1. Clone or Download This Project

-  For HTTPS:
git clone https://github.com/daviddozie/rag-index.git

-  For SSH
git clone git@github.com:daviddozie/rag-index.git

cd pinecone-js

2. Install Dependencies

npm install dotenv express multer cors @pinecone-database/pinecone @openrouter/sdk uuid pdf-parse mammoth

3. Set Up Environment Variables

Create a .env file in the project root:

# Required
PINECONE_API_KEY=your_pinecone_api_key_here
OPENROUTER_API_KEY=your_openrouter_api_key_here
PINECONE_INDEX_NAME=rag-index
LLM_MODEL=google/gemini-2.0-flash-exp:free / (any of your favourite LLM)
RAG_DATA_DIR=./data
RAG_CHUNK_SIZE=500
RAG_CHUNK_OVERLAP=100
PORT=3000

Getting API Keys:

Pinecone:

  1. Go to https://www.pinecone.io/
  2. Sign up and create a new project
  3. Copy your API key from the dashboard

OpenRouter:

  1. Go to https://openrouter.ai/
  2. Sign up and go to Settings β†’ Keys
  3. Create a new API key
  4. Add credits at https://openrouter.ai/settings/credits (or use free models)

4. Start the Server

node pinecone.js

You should see:

RAG API running on http://localhost:3000
Using LLM: it shows the LLM your using (e.g: google/gemini-2.0-flash-exp:free)
Using embeddings: openai/text-embedding-3-small

πŸ“– API Endpoints

1. Upload Documents

Endpoint: POST /upload

Upload a single file:

curl -X POST http://localhost:3000/upload \
  -F "files=@document.pdf"

Upload multiple files:

curl -X POST http://localhost:3000/upload \
  -F "files=@document1.pdf" \
  -F "files=@document2.txt"

Response:

{
  "context": "ctx-a1b2c3d4",
  "chunks": 15,
  "files": 1
}

Important: Save the context ID - you'll need it to chat with these documents!
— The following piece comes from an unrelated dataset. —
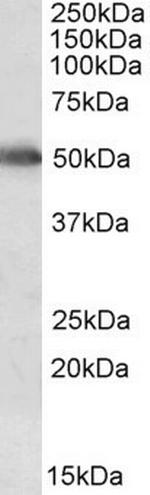 CYP2E1 Antibody in Western Blot (WB)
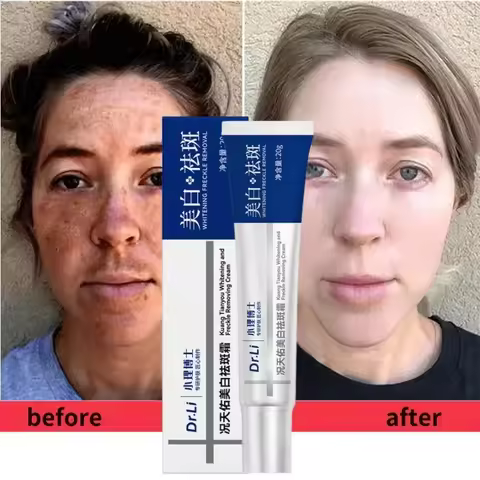 Dr. Li Freckle Whitening Cream Fade Dark Spot Brightening Black Dot Melasma Chloasma Removal Smooth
2. Chat with Your Documents

Endpoint: POST /chat

curl -X POST http://localhost:3000/chat \
  -H "Content-Type: application/json" \
  -d '{
    "context": "ctx-a1b2c3d4",
    "query": "What is the main topic of this document?"
  }'

Response:

{
  "answer": "The main topic of this document is...",
  "context": [
    "Relevant chunk 1 from your document...",
    "Relevant chunk 2 from your document..."
  ]
}

3. List All Contexts

Endpoint: GET /contexts

curl http://localhost:3000/contexts

Response:

[
  "ctx-a1b2c3d4",
  "ctx-e5f6g7h8",
  "ctx-i9j0k1l2"
]

4. View Context Metadata

Endpoint: GET /context/:name/metadata

curl http://localhost:3000/context/ctx-a1b2c3d4/metadata

Response:

[
  {
    "id": "chunk-uuid-1",
    "context": "ctx-a1b2c3d4",
    "filename": "document.pdf",
    "offset_start": 0,
    "offset_end": 500,
    "text": "First 500 characters of your document..."
  },
  ...
]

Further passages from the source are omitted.